Jason Bonham has a whole lotta love and respect for the Led Zeppelin catalogue, but before mounting a travelling production to honour his dad, late Zeppelin drummer John, he checked with his mom first.
"I asked my mom and my sister. I said, 'I would like to do a show, it's very personal and I'm sure it's going to be sad for you.' Some of the footage I hadn't seen for 30 years, ranging back to when I was a kid," Bonham says.
His family gave him the green light to rock 'n' roll and Jason Bonham's Led Zeppelin Experience was ready to go, with Bonham handling the drum parts his dad made famous in the late 1960s and throughout the 1970s until his death in 1980, when Jason was only 14.

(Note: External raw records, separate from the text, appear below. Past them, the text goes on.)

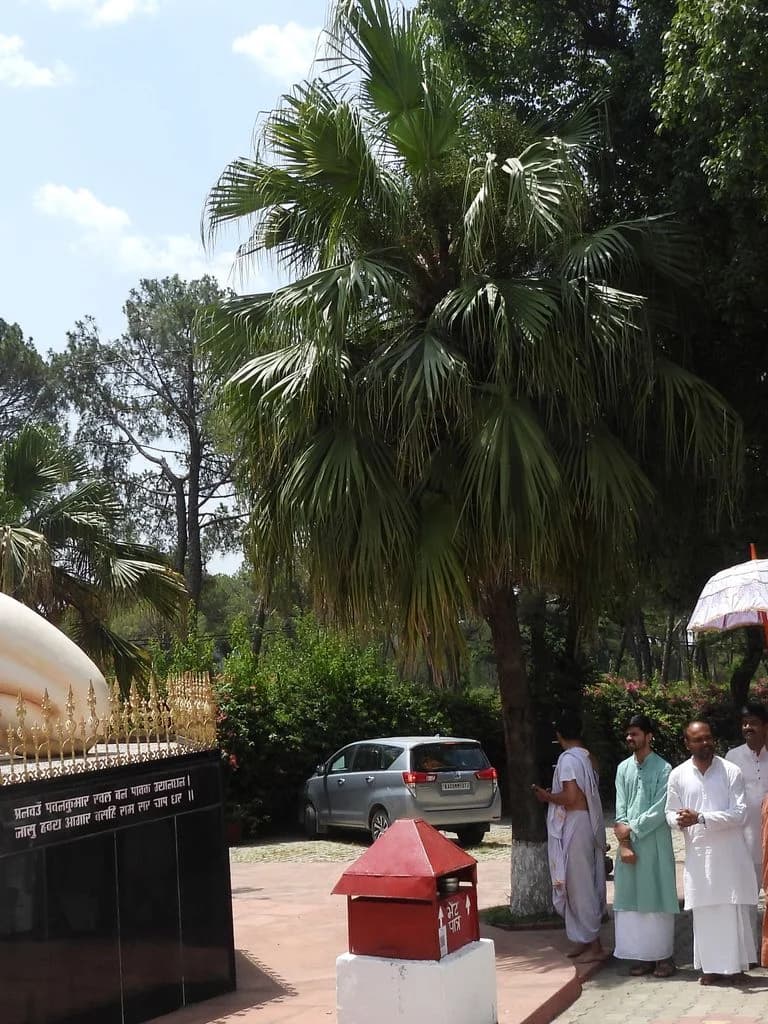Chinmaya Tapovan - Kangra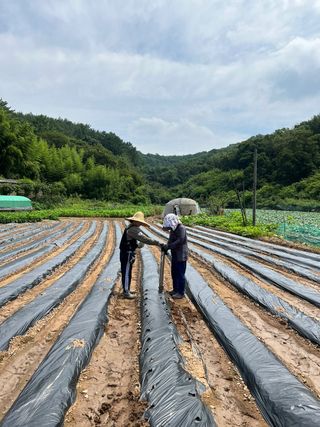 엘림농장님의 배추 · 파종•정식 작성글 사진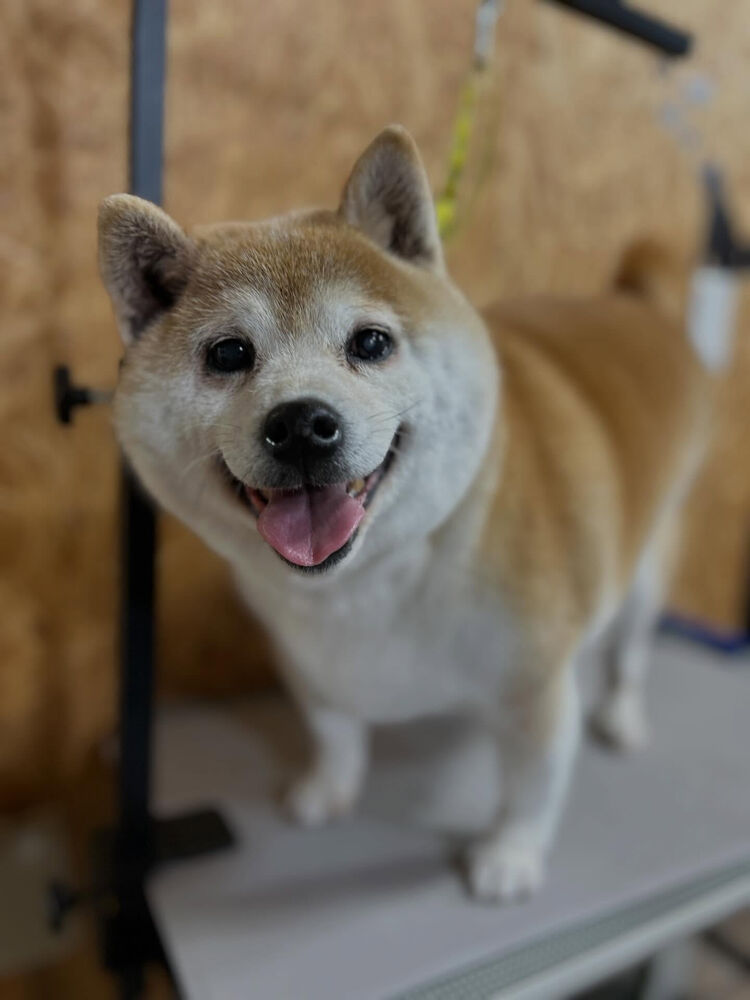 ブログ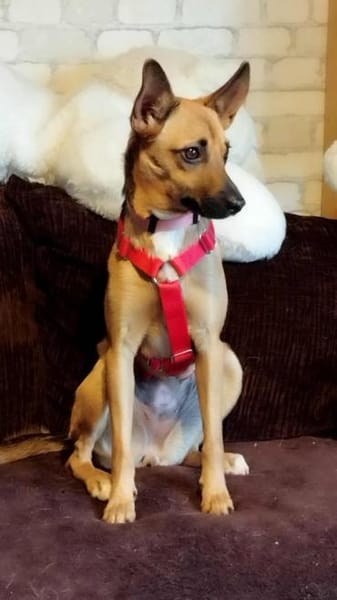 KIKA - wartet in 89312 Günzburg!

"The first night I got so emotional and called my mom in the middle of the show," Bonham says. "I was like a four-year-old saying, 'Look, Mom, they like me.' I got two-and-a-half-housand people to yell, 'Hi, Patricia.' She's so happy it worked out."

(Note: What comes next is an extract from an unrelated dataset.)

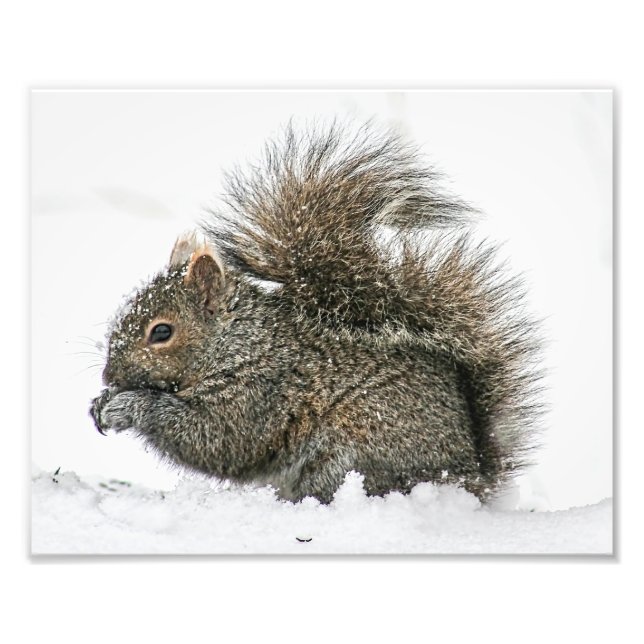 Squirrel in Snow Photography Print (Front)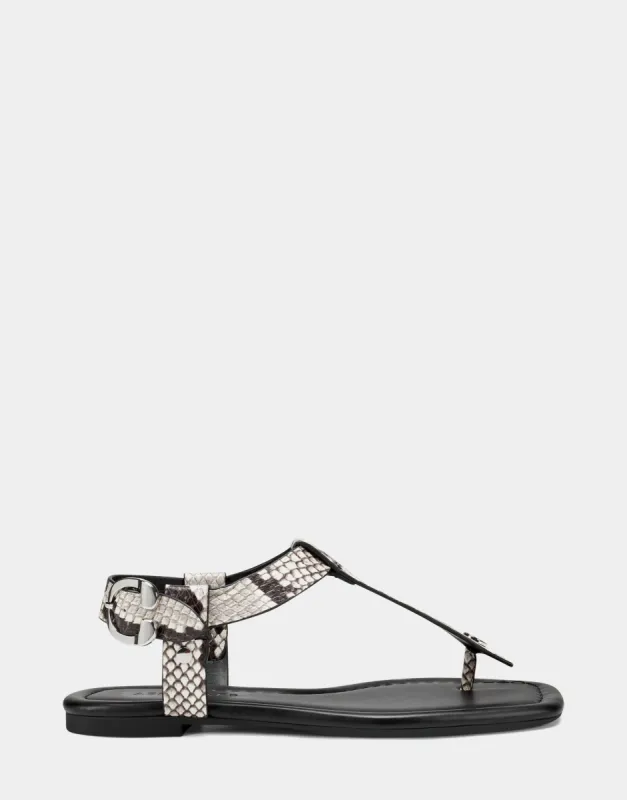 Carmina sold by AEROSOLES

The seeds for the show were planted when Bonham played with the surviving members of Led Zeppelin -- vocalist Robert Plant, guitarist Jimmy Page and bassist John Paul Jones -- during a reunion show in London in honour of Atlantic Records founder Ahmet Ertegun.
After the concert, there was talk of a full-scale reunion and tour, but Plant didn't want to do it. Bonham, Page and Jones jammed together a few times and other vocalists auditioned for the job, but nothing came of it.

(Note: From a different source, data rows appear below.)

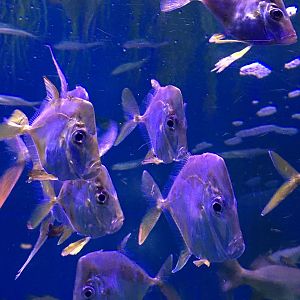 Lookdowns (Selene vomer)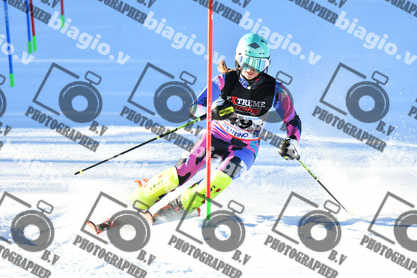 PER ACQUISTARE I FILE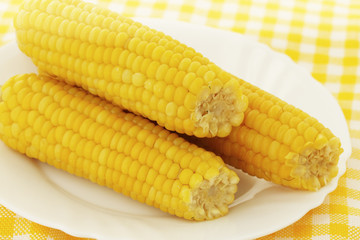 Tasty boiled corn on a plate, autumn dish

"There was a lot of talk; I probably thought it was a lot closer than it was," he says. "I went out and bought a Lamborghini. I was in dreamland.
"A year later, three or five times, I went to jam with Jimmy and John Paul, which is another period of my life I hold dear. Being in a situation where you are jamming with John Paul Jones and Jimmy Page, asking if you have ideas you want to work on. I remember driving home and thinking, 'Oh my God, you just jammed with Jimmy Page.' "
When the JBLZE stops at the MTS Centre Sunday, Page's parts will be played by Tony Catania. The band is rounded out by other relative unknowns: vocalist James Dylan (who sings for an online tribute band called Virtual Zeppelin), bassist Michael Devin (recently named as Whitesnake's new bassist) and multi-instrumentalist Stephen LeBlanc.
The multimedia show uses old videos, photos and magazine and newspaper clippings to tell the story of John Bonham and the legendary British band whose mixture of blues and hard rock is still worshipped around the world.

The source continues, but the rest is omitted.